Now you can create the three datasets using the `row_indices` ndarray to select the rows that will go into each dataset. Rememeber that the Training Set contains 60% of the data, the Cross Validation Set contains 20% of the data, and the Test Set contains 20% of the data. Each set requires just one line of code to create. Fill in the code below

In [9]:
# Make any necessary calculations.
# You can save your calculations into variables to use later.

sixty = int(len(X_norm) * 0.6)
eighty = int(len(X_norm) * 0.8)

# Create a Training Set
X_train = X_norm[row_indices[:sixty], :]

# Create a Cross Validation Set
X_crossVal = X_norm[row_indices[sixty: eighty], :]

# Create a Test Set
X_test = X_norm[row_indices[eighty: ], :]

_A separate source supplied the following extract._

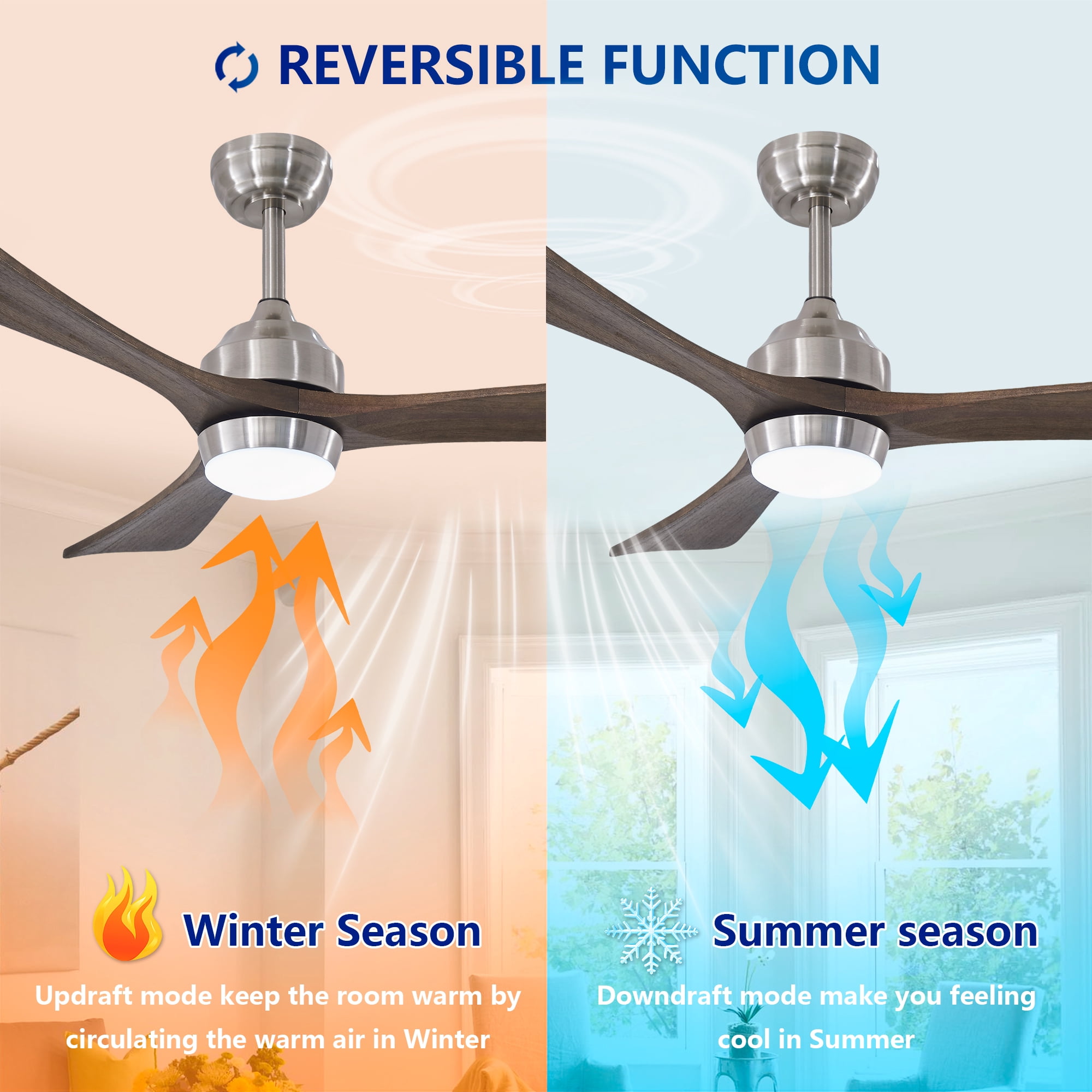 Leumius 42" Solid Wood Blades Ceiling Fan with Light and Remote Control,Quiet DC Motor 3 Blade Ceiling Fans 6 Speed Levels,Reversible for Patio Living Room Bedroom Office Black Nickel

If you performed the above calculations correctly, then `X_tain` should have 600 rows and 20 columns, `X_crossVal` should have 200 rows and 20 columns, and `X_test` should have 200 rows and 20 columns. You can verify this by filling the code below:

In [10]:
# Print the shape of X_train
print(X_train.shape)

# Print the shape of X_crossVal
print(X_crossVal.shape)

# Print the shape of X_test
print(X_test.shape)

(600, 20)
(200, 20)
(200, 20)